Regie: Susan Korda, David Leitner
Buch: Susan Korda, David Leitner
Darsteller:innen: Mitwirkende: Nicolas Kukula, Kurt Waldheim, Erwin Ringel, Gerald Teufel, Niki List, Maximilian Schell, Ilya Gerol, Ernst Hallig, Stefan Hofer, Gustav Ernst, Wolfgang Tomek, Peter Malina, Gustav Spann, Thomas Stern, Sonya Oster, Kurt Diemann
Kamera: David Leitner
Schnitt: Susan Korda
Originalton: Susan Korda
Weitere Credits: Uraufführung: 11. Februar 1989, Internationales Forum des jungen Films
Produzent:innen: Susan Korda, David Leitner
Produktion: Leitmotiv Filmproduktion mit Unterstützung der New York Foundation for the Arts

 

Zeitgleich mit Elizabeth T. Spira wirft Vienna is Different: 50 Years after the Anschluss einen weiteren Blick auf Wien, versammelt Stimmen von Individuen, Institutionen, Werbung und Protesten. Vieles wird gesagt, das man schon kennt, erhellend aber ist, von wem, in welcher Weise, an welchen Orten.

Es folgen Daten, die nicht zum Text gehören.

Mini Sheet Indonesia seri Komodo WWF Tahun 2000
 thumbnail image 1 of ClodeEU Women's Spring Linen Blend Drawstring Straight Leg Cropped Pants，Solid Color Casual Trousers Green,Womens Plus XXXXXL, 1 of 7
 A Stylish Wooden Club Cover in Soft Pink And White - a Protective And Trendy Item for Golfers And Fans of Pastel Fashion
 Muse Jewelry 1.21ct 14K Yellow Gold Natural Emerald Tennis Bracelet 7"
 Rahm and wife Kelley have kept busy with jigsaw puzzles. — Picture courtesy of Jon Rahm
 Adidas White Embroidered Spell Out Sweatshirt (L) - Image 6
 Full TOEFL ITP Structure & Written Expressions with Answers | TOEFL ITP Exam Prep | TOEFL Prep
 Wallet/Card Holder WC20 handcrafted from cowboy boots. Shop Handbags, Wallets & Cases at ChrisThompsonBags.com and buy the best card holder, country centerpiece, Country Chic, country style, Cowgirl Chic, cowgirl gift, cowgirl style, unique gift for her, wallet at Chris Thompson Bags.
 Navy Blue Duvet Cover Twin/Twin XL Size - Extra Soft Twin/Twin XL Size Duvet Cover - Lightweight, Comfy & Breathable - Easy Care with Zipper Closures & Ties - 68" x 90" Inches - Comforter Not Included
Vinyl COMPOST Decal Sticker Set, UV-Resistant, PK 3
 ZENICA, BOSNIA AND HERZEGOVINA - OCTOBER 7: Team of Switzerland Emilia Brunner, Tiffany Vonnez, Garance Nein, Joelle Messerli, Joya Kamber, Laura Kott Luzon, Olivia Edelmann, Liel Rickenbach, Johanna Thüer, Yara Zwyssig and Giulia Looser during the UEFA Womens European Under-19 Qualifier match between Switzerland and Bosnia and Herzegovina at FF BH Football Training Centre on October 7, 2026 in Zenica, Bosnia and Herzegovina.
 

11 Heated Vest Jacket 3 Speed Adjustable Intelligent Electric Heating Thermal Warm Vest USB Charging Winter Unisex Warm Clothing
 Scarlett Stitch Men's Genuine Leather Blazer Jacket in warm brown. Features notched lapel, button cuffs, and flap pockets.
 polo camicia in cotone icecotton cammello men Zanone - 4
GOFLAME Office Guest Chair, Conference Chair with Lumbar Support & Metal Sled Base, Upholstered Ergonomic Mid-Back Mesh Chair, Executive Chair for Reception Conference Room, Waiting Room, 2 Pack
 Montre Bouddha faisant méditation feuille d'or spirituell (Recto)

Zum Auftakt der Filmmuseum-Reihe: zwei Filme, in denen vor allem gesprochen wird und in denen die „gesagten Dinge“ (Michel Foucault) ein Archiv bilden, das mehr ist als nur ein Protokoll von Aussagen. Alltagsgeschichte – Am Stammtisch und Vienna is Different: 50 Years after the Anschluss kreisen um zwei historische Momente, die die nahtlose Kontinuität von Geschichte und Gegenwart auf fast unheimliche Weise verdichten – die Präsidentschaft Kurt Waldheims und der fünfzigste Jahrestag des „Anschlusses“ an Nazideutschland. Zwei Filme, in denen Österreich als (selten, aber gelegentlich doch auch kritische) Öffentlichkeit zu Wort kommt – durch die im Staatsgebilde lebenden Individuen, publizierenden Medien, agierenden Institutionen. Aus der Gegenwart heraus formieren sich diese Bilder zu einem brüchigen und facettenreichen Gesellschaftspanorama, einer Kakofonie gesagter Dinge zu einem bestimmten Thema, in einer bestimmten Zeit, an einem bestimmten Ort.
Einige dieser gesagten (aber damals nicht gehörten) Dinge finden sich im ORF-Archiv in der einzigen nie ausgestrahlten Folge von Elizabeth T. Spiras Alltagsgeschichten mit dem Titel Am Stammtisch. Sie versammelt Wirtshauszusammenkünfte in Wien, der Steiermark, Tirol und Kärnten. Schon lange bevor die Gesprächspartner/innen an Pfeifen-, Jäger-, Schützen- oder Arbeiterstammtischen ihre Gedanken direkt um Waldheim kreisen lassen, beschreiben fast alle gesagten Dinge einen gedanklichen Orbit, in dessen Zentrum Waldheim steht: Tradition, Jugoslawien-Urlaub, „unsere Heimat“ (und „Zurück in die Heimat!“), die junge Generation, die Waffen, die Disziplin und die Türkenkriege. Ungeschönt spielt Spira das Thema zunächst über die Bande, um schließlich den faschistoiden Sud aus Antisemitismus, Geschichtsverleugnung und erschreckendem Selbstbewusstsein in rauchgeschwängerter Atmosphäre zum Kochen zu bringen.
Örtlich und geistig nicht ganz so eng gefasst kommt Österreich 1988 ebenso in Vienna is Different: 50 Years after the Anschluss zum Sprechen. Auch hier wird nichts Neues mitgeteilt – zu Wort kommen u. a. beleidigte Holocaust-Leugner/innen im Trachtenlook, bürgerliche Relativist/innen und Augenzeug/innen der sogenannten „Reibpartien“. Wirklich erhellend ist aber, wie und wo gesprochen wird: Fläzend auf luxuriösen Möbeln unter einem Waldheim-Bild mit persönlicher Danksagung lassen sich die idealistischen Forderungen der „jungen Leut’“ leichter abtun als vor spartanischen Archivregalen mit Geschichtsdokumenten. Im Theater werden die Dinge überzeichnet, beim abendlichen Joint und Wein unter Kreativen hält man zynische Distanz, während der ORF die harte Gangart der ausländischen Presse gegenüber Österreich tadelt. Susan Kordas und David Leitners Film versammelt all das im öffentlichen Raum Gesagte (inklusive der vom Waldheim-Thema durchdrungenen Wiener Werbeflächen) und überträgt es in einen anderen, nicht weniger öffentlichen Raum – in das Kino, wo die Vergangenheit nie ganz vergeht. Was 1988 durch welche Kanäle, in welchen Tonalitäten, begleitet von welchen Gesten und Grimassen, gekleidet in welche Räume und Gewänder gesprochen wurde, gehört auch 2016 noch zum Differenzial von Wien.